Mike said:
Mayan Calendar didn't account for Leap Years.. we should of all been dead 7 months ago.
bitch please
The Mayans actually had three calendars: one that was essentially a solar calendar, another that was a religious calendar, and a third calendar that was used for keeping historical records. This third calendar is the only one that's relevant to your question, because this is the one that some people are using to predict the end of the universe.
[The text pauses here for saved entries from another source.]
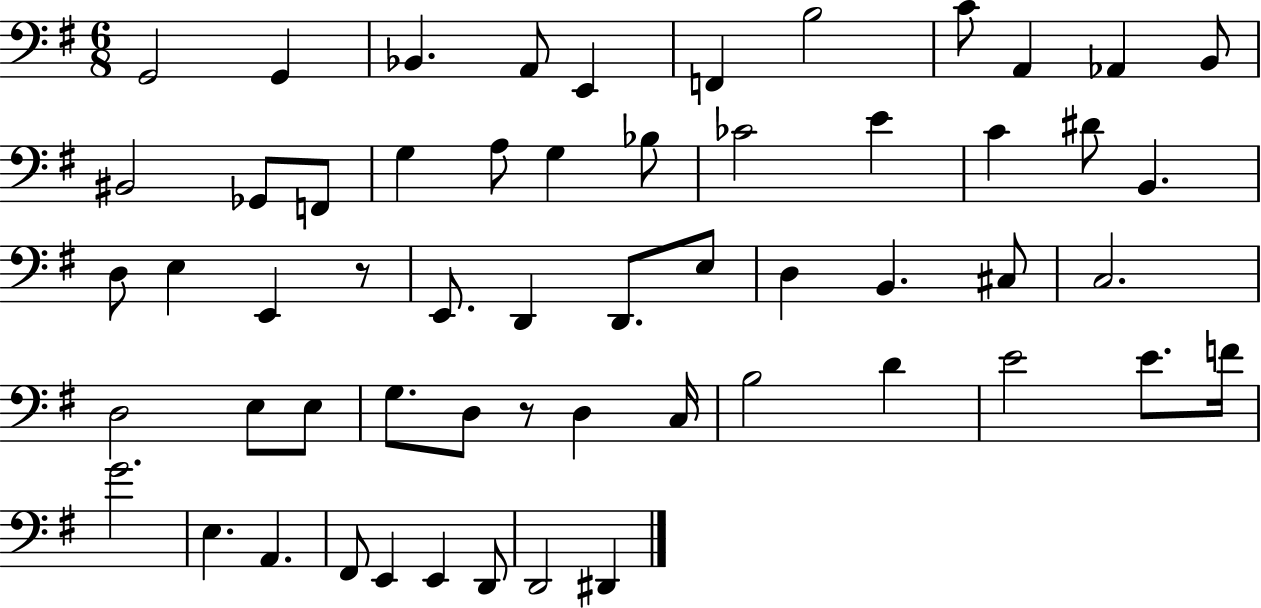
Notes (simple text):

G2/h G2/q Bb2/q. A2/e E2/q F2/q B3/h C4/e A2/q Ab2/q B2/e BIS2/h Gb2/e F2/e G3/q A3/e G3/q Bb3/e CES4/h E4/q C4/q D#4/e B2/q. D3/e E3/q E2/q R/e E2/e. D2/q D2/e. E3/e D3/q B2/q. C#3/e C3/h. D3/h E3/e E3/e G3/e. D3/e R/e D3/q C3/s B3/h D4/q E4/h E4/e. F4/s G4/h. E3/q. A2/q. F#2/e E2/q E2/q D2/e D2/h D#2/q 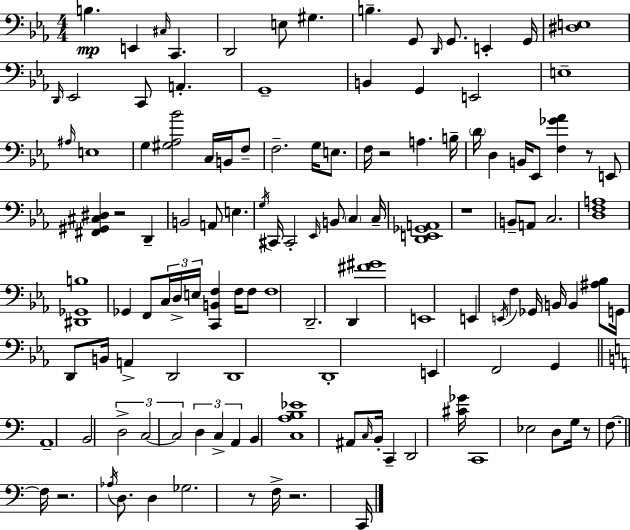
{
  \clef bass
  \numericTimeSignature
  \time 4/4
  \key c \minor
  b4.\mp e,4 \grace { cis16 } c,4. | d,2 e8 gis4. | b4.-- g,8 \grace { d,16 } g,8. e,4-. | g,16 <dis e>1 | \break \grace { d,16 } ees,2 c,8 a,4.-. | g,1-- | b,4 g,4 e,2 | e1-- | \break \grace { ais16 } e1 | g4 <gis aes bes'>2 | c16 b,16 f8-- f2.-- | g16 e8. f16 r2 a4. | \break b16-- \parenthesize d'16 d4 b,16 ees,8 <f ges' aes'>4 | r8 e,8 <fis, gis, cis dis>4 r2 | d,4-- b,2 a,8 e4. | \acciaccatura { g16 } cis,16 cis,2-. \grace { ees,16 } b,8 | \break \parenthesize c4 c16-- <d, e, ges, a,>1 | r1 | b,8-- a,8 c2. | <d f a>1 | \break <dis, ges, b>1 | ges,4 f,8 \tuplet 3/2 { c16 d16-> e16 } <c, b, f>4 | f16 f8 f1 | d,2.-- | \break d,4 <fis' gis'>1 | e,1 | e,4 \acciaccatura { e,16 } f4 ges,16 | b,16 b,4 <ais bes>8 g,16 d,8 b,16 a,4-> d,2 | \break d,1 | d,1-. | e,4 f,2 | g,4 \bar "||" \break \key a \minor a,1-- | b,2 \tuplet 3/2 { d2-> | c2~~ c2 } | \tuplet 3/2 { d4 c4-> a,4 } b,4 | \break <c a b ees'>1 | ais,8 \grace { c16 } b,16-. c,4-- d,2 | <cis' ges'>16 c,1 | ees2 d8 g16 r8 f8.~~ | \break \bar "||" \break \key a \minor f16 r2. \acciaccatura { aes16 } d8. | d4 ges2. | r8 f16-> r2. | c,16 \bar "|."
} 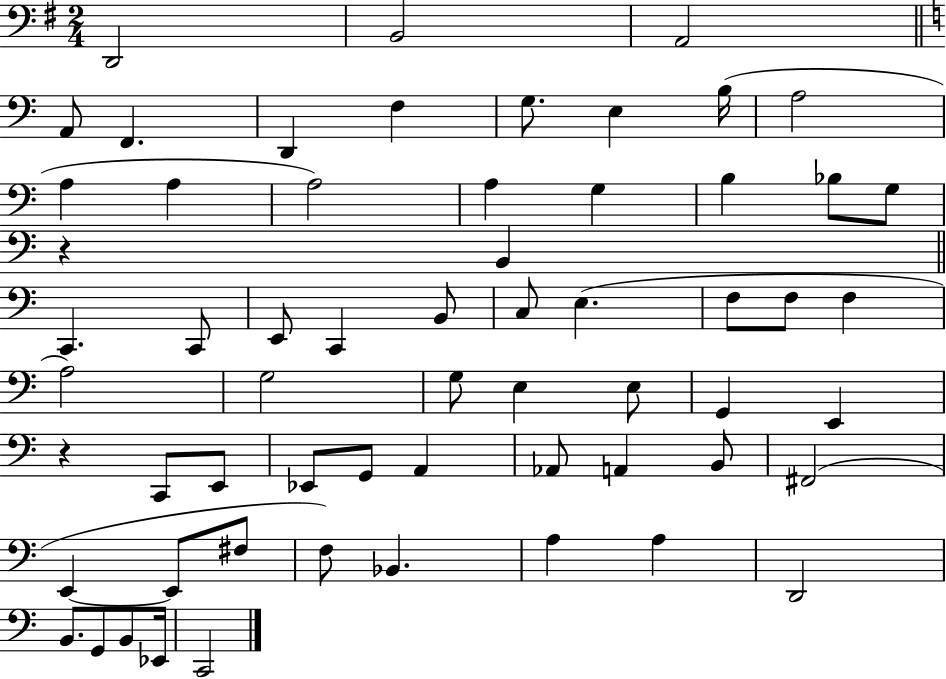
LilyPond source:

{
  \clef bass
  \numericTimeSignature
  \time 2/4
  \key g \major
  \repeat volta 2 { d,2 | b,2 | a,2 | \bar "||" \break \key a \minor a,8 f,4. | d,4 f4 | g8. e4 b16( | a2 | \break a4 a4 | a2) | a4 g4 | b4 bes8 g8 | \break r4 b,4 | \bar "||" \break \key c \major c,4. c,8 | e,8 c,4 b,8 | c8 e4.( | f8 f8 f4 | \break a2) | g2 | g8 e4 e8 | g,4 e,4 | \break r4 c,8 e,8 | ees,8 g,8 a,4 | aes,8 a,4 b,8 | fis,2( | \break e,4~~ e,8 fis8 | f8) bes,4. | a4 a4 | d,2 | \break b,8. g,8 b,8 ees,16 | c,2 | } \bar "|."
} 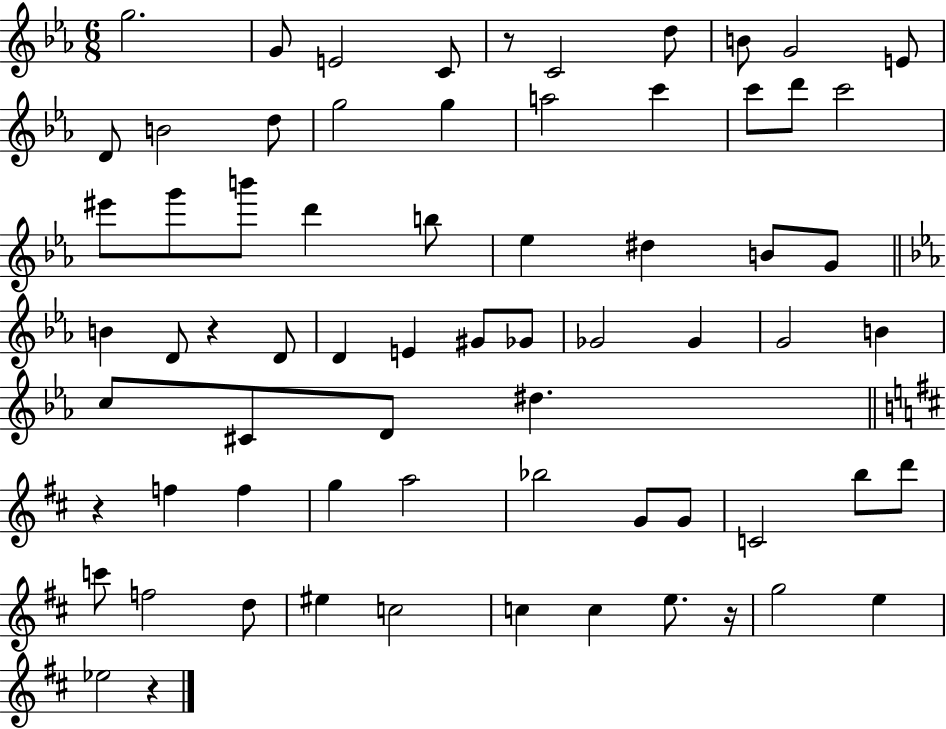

This long-count calendar isn't a calendar as much as a counting system. You know how we use a base-10 counting system? (10, 100, 1000, 10,000 etc.) The Mayans used a modifed base-20 counting system for keeping track of days - the second cycle went up to 18 rather than 20. So they tracked days in cycles of 20, 360, 7200, 144000, 2880000, etc.
We're coming to the end of one of the 144,000 day cycles. The concept of leap-years is irrelevant to this calendar system, because it's not based on solar years, simply on pure math. I've got no opinion of whether the calculated date of Dec 12, 2012 as the end of the cycle is accurate. But if it is inaccurate, it's for reasons that have nothing to do with leap years.
HOWEVER, the scientists who translated/interpreted the calendar did. So the "date" of when the calendar ends is us taking into account leap years.
We correlate any date between the two calendar systems by matching a known dated event in the Mayan system to the Julian date, then adjust to the Gregorian. The Mayans did not need Leap Years, and they are automatically adjusted in the Western calendar, so they have absolutely no bearing on this problem.